How Sagareus Handles Tenant Screening

Set the criteria up front, then apply them identically to every single applicant. Consistency is the whole game. The fastest way to a Fair Housing complaint, or a non-paying resident, is making an exception on a gut feeling. Here is how we keep it disciplined:

  • Written criteria, fixed up front. Income, credit, rental history, and background standards are defined in advance, so no one is improvising once a name is attached.
  • The same checks for everyone. Every applicant runs through the same review, in the order applications are completed, with verified income and documentation held to one standard.
  • A second set of eyes before any decision. An assistant gathers and verifies; a leasing lead reviews the file for inconsistencies before it is approved or declined.
  • Documented decisions, lawful notices. Every approval or decline is written down with its reasons, and anyone turned down receives a proper adverse-action notice.

We screen under the Fair Housing Act, Washington law, and local ordinances, including source-of-income and fair-chance rules. Lawful income like a housing voucher is counted, never penalized.

You get a real, repeatable system, not a hunch. That is what protects your home and your residents.

This disciplined approach to documented denials sits inside our broader playbook for tenant screening best practices.

Frequently Asked Questions

Do I have to send an adverse action notice if I approved the applicant with conditions?

Yes.
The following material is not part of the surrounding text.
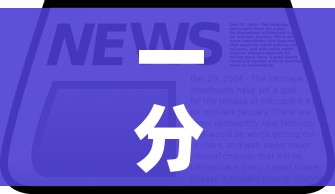 一分钟介绍使用“微信群牛牛房卡”详细房卡怎么购买教程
Washington's statutory form expressly lists approval with conditions as adverse action: an increased deposit, a qualified guarantor, last month's rent, or increased monthly rent all trigger the written notice requirement, even though the applicant is moving in.

What if I never pulled a credit report?

The notice is still required. The consumer reporting agency contact information only applies when a consumer report contributed to the decision, but a denial based on rental history, references, employment verification, or a civil or criminal record still requires the written statutory notice stating those grounds.

Can I just not respond to an applicant instead of denying them?

No. Silence is the riskiest option, not the safest. If you decided against the applicant based on screening, the statute requires a written notice of that adverse action, and an undocumented non-response is exactly the fact pattern that fuels fair housing complaints. In Seattle, first-in-time rules also require processing applications in order rather than letting them lapse.

Does an email count as a written adverse action notice?

The statute requires written notice in a substantially similar format to the statutory form, dated and signed. Many owners send the completed form by both email and first-class mail and keep proof of each, which creates the strongest record. What never qualifies is a phone call or a text with no form behind it.

This article is general information for Washington rental property owners, not legal advice. For decisions on a specific application or dispute, consult a landlord-tenant attorney.